▶ [Task brief]: Look through the listing below and write out exactly the lines from the line with "disability therapy. Asian" to the line with "Bowl of lentil", both included, and no others.

▶ [Data excerpts]:
___
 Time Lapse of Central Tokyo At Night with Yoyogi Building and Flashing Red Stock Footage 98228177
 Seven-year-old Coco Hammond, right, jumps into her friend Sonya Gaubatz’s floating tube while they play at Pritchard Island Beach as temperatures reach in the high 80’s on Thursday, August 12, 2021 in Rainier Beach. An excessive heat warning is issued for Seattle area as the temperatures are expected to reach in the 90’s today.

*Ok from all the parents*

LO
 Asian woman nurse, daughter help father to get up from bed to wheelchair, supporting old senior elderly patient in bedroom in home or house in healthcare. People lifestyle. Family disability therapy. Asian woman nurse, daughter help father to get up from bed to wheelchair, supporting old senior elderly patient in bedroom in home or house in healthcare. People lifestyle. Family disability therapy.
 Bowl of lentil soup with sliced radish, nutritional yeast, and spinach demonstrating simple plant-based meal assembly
___
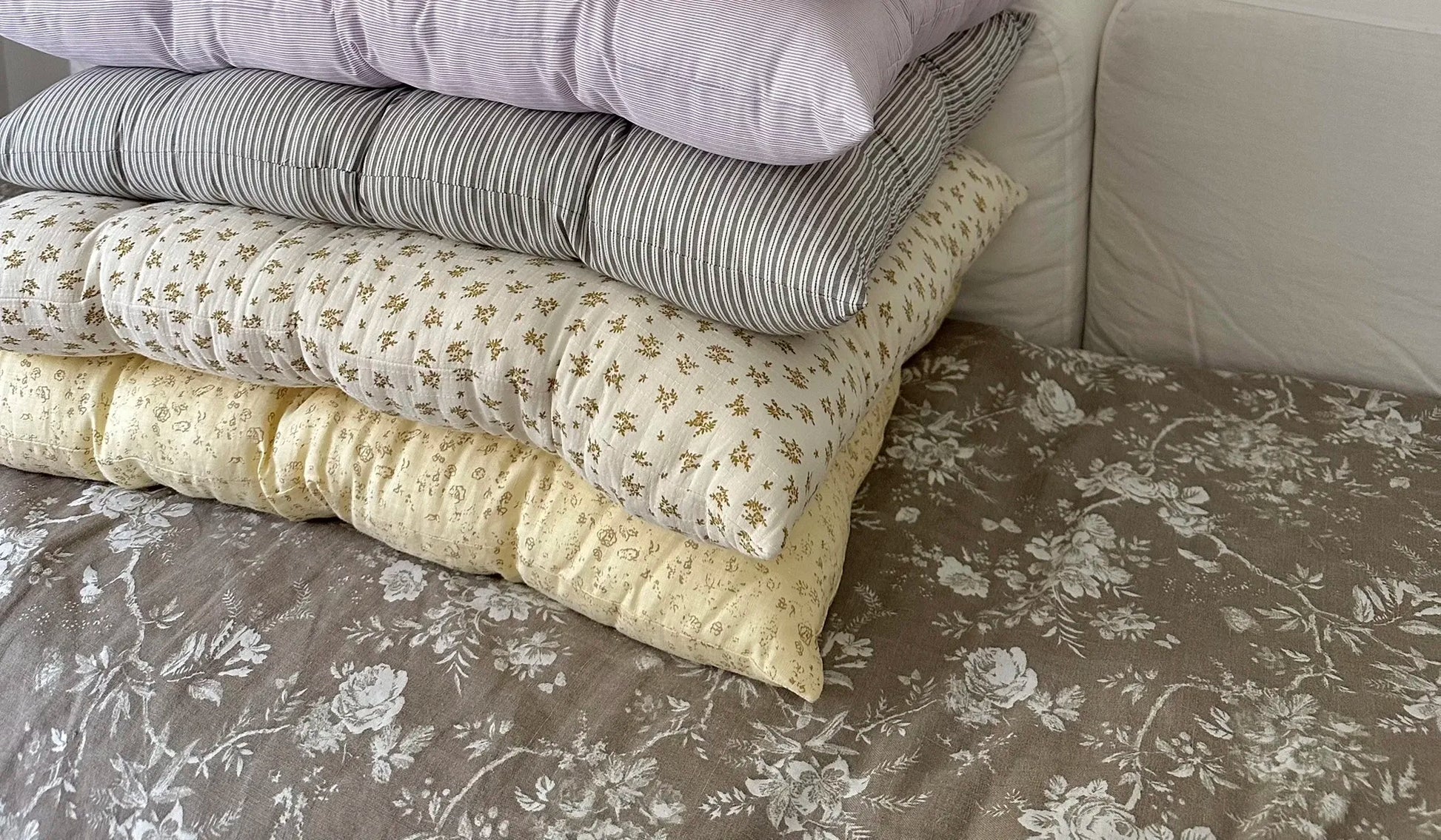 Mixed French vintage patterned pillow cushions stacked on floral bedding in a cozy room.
___
▶ [Answer]:
 Asian woman nurse, daughter help father to get up from bed to wheelchair, supporting old senior elderly patient in bedroom in home or house in healthcare. People lifestyle. Family disability therapy. Asian woman nurse, daughter help father to get up from bed to wheelchair, supporting old senior elderly patient in bedroom in home or house in healthcare. People lifestyle. Family disability therapy.
 Bowl of lentil soup with sliced radish, nutritional yeast, and spinach demonstrating simple plant-based meal assembly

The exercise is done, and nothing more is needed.